### What you need to do
Exactly as written, reproduce the lines from the beginning of the data through the line containing "تصویر باتری نیم"; the pictures are not reproduced.
=== Input data ===
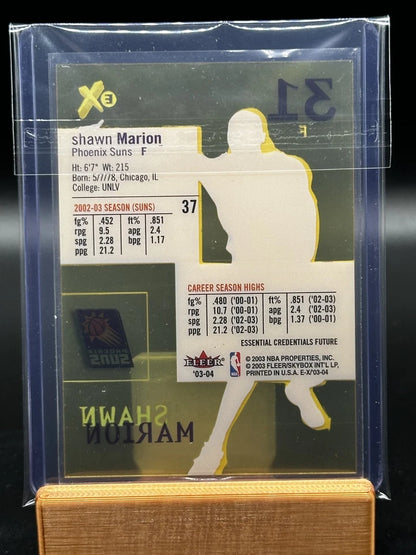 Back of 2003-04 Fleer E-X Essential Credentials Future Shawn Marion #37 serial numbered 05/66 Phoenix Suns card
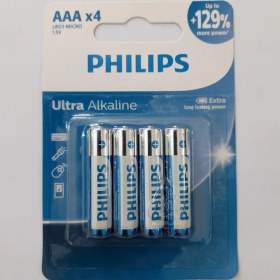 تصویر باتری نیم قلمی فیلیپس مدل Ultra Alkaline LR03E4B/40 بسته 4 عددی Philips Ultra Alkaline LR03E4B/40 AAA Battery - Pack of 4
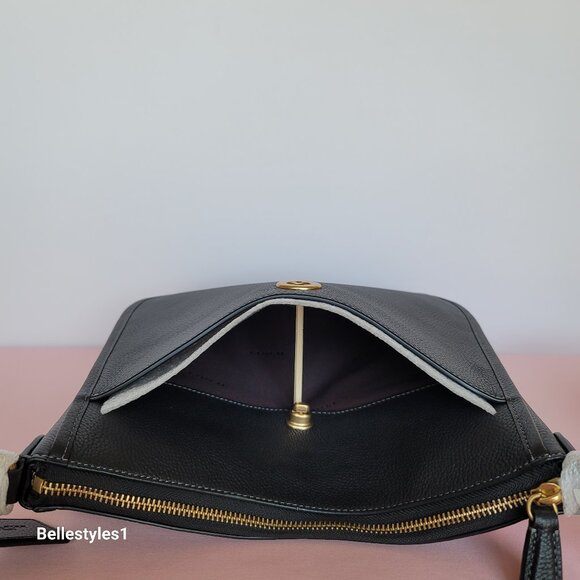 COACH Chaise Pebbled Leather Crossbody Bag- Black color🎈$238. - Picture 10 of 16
===
### Response to the exercise
 Back of 2003-04 Fleer E-X Essential Credentials Future Shawn Marion #37 serial numbered 05/66 Phoenix Suns card
 تصویر باتری نیم قلمی فیلیپس مدل Ultra Alkaline LR03E4B/40 بسته 4 عددی Philips Ultra Alkaline LR03E4B/40 AAA Battery - Pack of 4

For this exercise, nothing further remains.